Ten Things Government Should Do to Make Mediation Effective in India

by Nikhil Ransingh
March 2019

Originally published on the ipleaders blog

As a young republic, India and Indians have stepped up to the challenge and have successfully come within sniffing distance of setting up all the essential and necessary infrastructure that one has accustomed to associate with a modern, economic superpower of the 21st century.

The transformational process of being known as a former British colony to a self-sufficient, vibrant democracy wasn’t always going to be easy. The lack of resources in terms of skilled labor and technical expertise has been putting incremental strain on the framework. This has lead to a gradual slowing down of the efficacy of various institutions of strategic national importance.

The Indian Legal System is a prime example of an elegant framework burdened with a Herculean task of providing equitable and impartial ear and resolves disputes.

The general perception is that people tend to trust institutionalized mechanisms, especially those established in the public sphere for dispute resolution. There exists a widespread feeling that the judicial system is on the verge of collapse because of acute strain on resources. The existing crisis in the judicial system calls for a more widespread adoption of alternate means of dispute resolution like mediation and arbitration under skillful and unbiased oversight of ex-judges, experienced lawyers and government officials with special domain knowledge to cover a wide gamut of industries and nature of dispute.

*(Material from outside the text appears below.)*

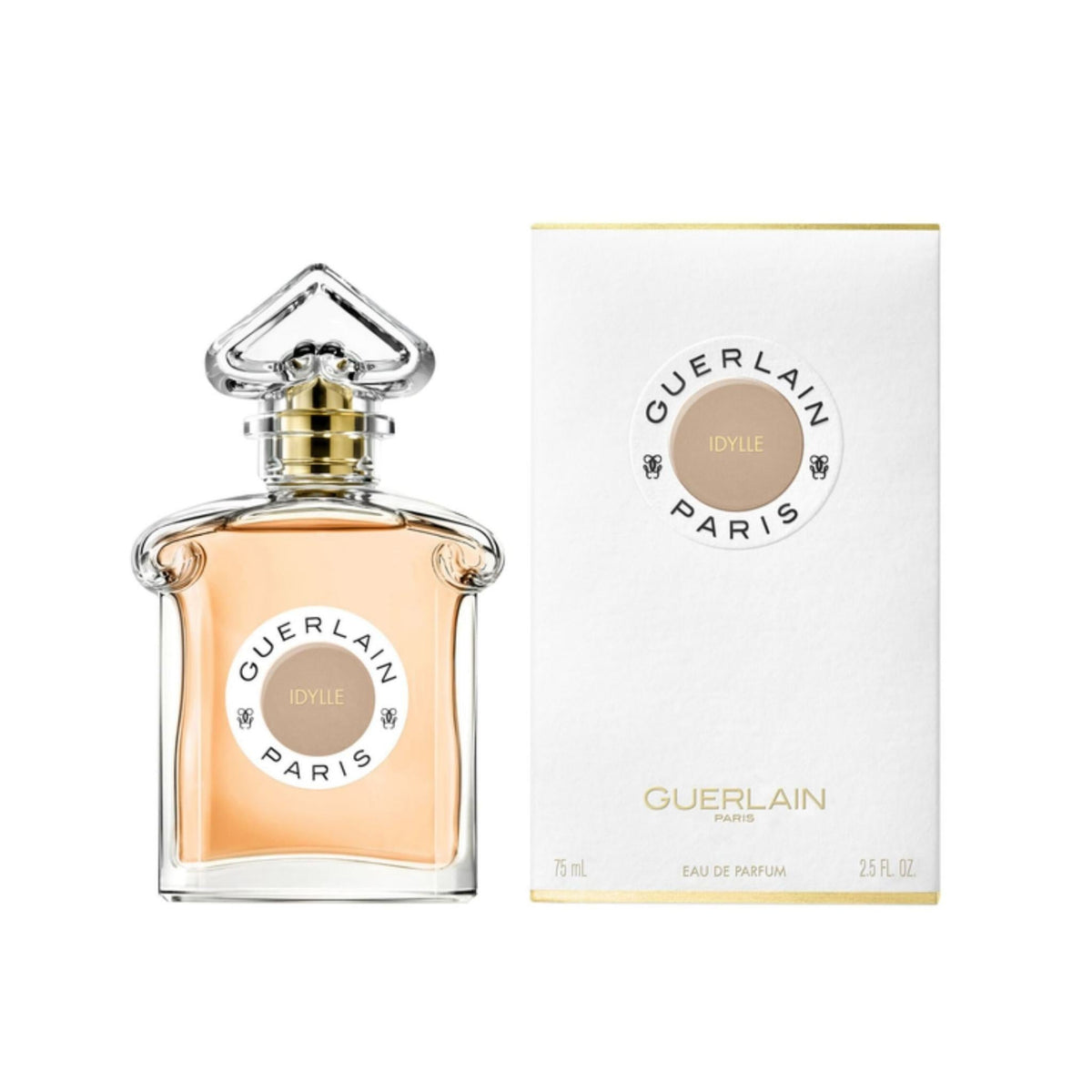 Refect Beauty Guerlain Idylle Eau de Parfum bottle and white box packaging with gold accents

Before Diving into Mediation, Let us first examine the various Archetype of Disputes Determination

As problems are diverse and the nature of disputes varied, varied models have evolved for resolving them. These models are categorized mainly into four types: rights-based, power-based, interest-based and legislative. The models promise results either on a win-lose or win-win paradigm.

The rights-based approach is adopted in litigation. Disputing parties contest on claims of ‘rights’ and the final decision are considered to be a vindication of the party whose rights were aggrieved. This model creates winners and losers.

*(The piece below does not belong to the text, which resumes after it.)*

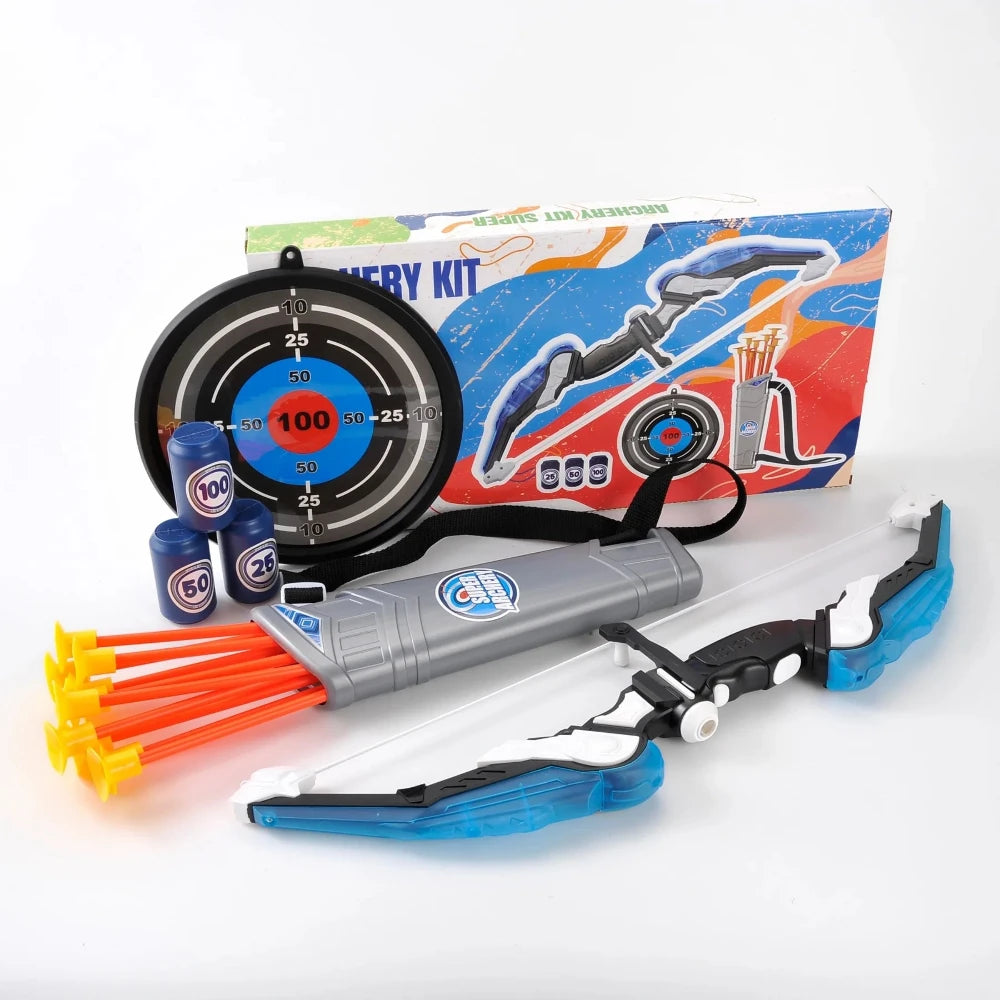 Complete archery toy set with foam arrows, target, quiver, and bow - ideal for kids’ outdoor fun.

In the legislative model, rules or laws are made by the competent authority to solve a logjam. The rules can either provide a process through which disputes could be settled or determine the issue itself. This also would result in winner-loser situation or both the parties may find themselves at the losing end.

The power-based model is a model in which one party is imposingly positioned over the other, and their relative positions determine the outcome of the disputes. This also creates a win – lose situation. This model is typically used independently or in combination with litigation.

The interest-based approach is the one that accommodates the interests of the parties involved in a dispute. Rather than an endorsement of one’s right through adjudication, the conflict is sought to be resolved by varied methods of intermediation. This method is designed to engineer a win-win situation. This model is based on a consensual scheme where parties in disputes, themselves would be responsible for the outcome.

We can clearly see how interest based approaches like meditation is intuitively better and a more holistic way to approach and resolve disputes quickly and reducing the burden of pending cases on the legal system.

Let us now Understand What Exactly Mediation is  

Mediation is the process in which a neutral third party, a Mediator helps the disputing parties to harmoniously resolve their disputes using creative methods. A skillful Mediator typically is expected to use specialized communication skills and negotiation techniques to facilitate disputing parties resolve their differences and find a solution mutually acceptable to both.

Mediation can be initiated at any stage of a dispute – prior to litigation, i.e. when differences of opinions arise or even during the trial.

Let us Take a Look at the Different Types of Mediation

1. Statutory

There are some types of cases that are required by law to go through the mediation process. Labor disputes and domestic (Family Law) disputes are two prime examples. In India, however, this type of mandatory mediation is rare.

2. Contractual

The parties to a contract, as part of the terms of their agreement, may include a mediation clause as a mechanism to resolve disputes. Although binding arbitration is a much more common contractual term since it will always result in a resolution, mediation can be an effective tool to resolve contractual disputes before they blossom into a protracted battle. The selections of the mediator, as well as the conditions of the mediation, are usually stated in the contract. If the mediation is successful, the results can be enforced as a judgment of a court.

3. Court Ordered

Most jurisdictions in India require some form of alternative dispute resolution before a case may be resolved through the traditional judicial process. As soon as a case is filed, the parties are provided a number of ADR options. They must, unless exempted by the Court, select and pursue one of these options. Included, as an option is mediation. The Court maintains a list of mediators—skilled and experienced attorneys selected by the Court — who are available to the parties. For parties who elect this option, the Court will appoint a mediator and designate a date by which the mediation must be completed. The results of the mediation are confidential — the Court will not know what occurred at the mediation, unless of course, an agreement (or partial agreement) is reached. If an agreement is reached, that agreement is enforceable as a judgment of the Court.

4. Voluntary

The parties to a dispute may decide to seek mediation without being compelled by law, court order, or contract. They may choose to mediate their dispute at any time: as the dispute is developing, before initiating legal action, or even while legal action is pending. The conditions of the mediation— e.g., who will be the mediator, when the mediation will occur, the rules of the mediation— are controlled by the parties.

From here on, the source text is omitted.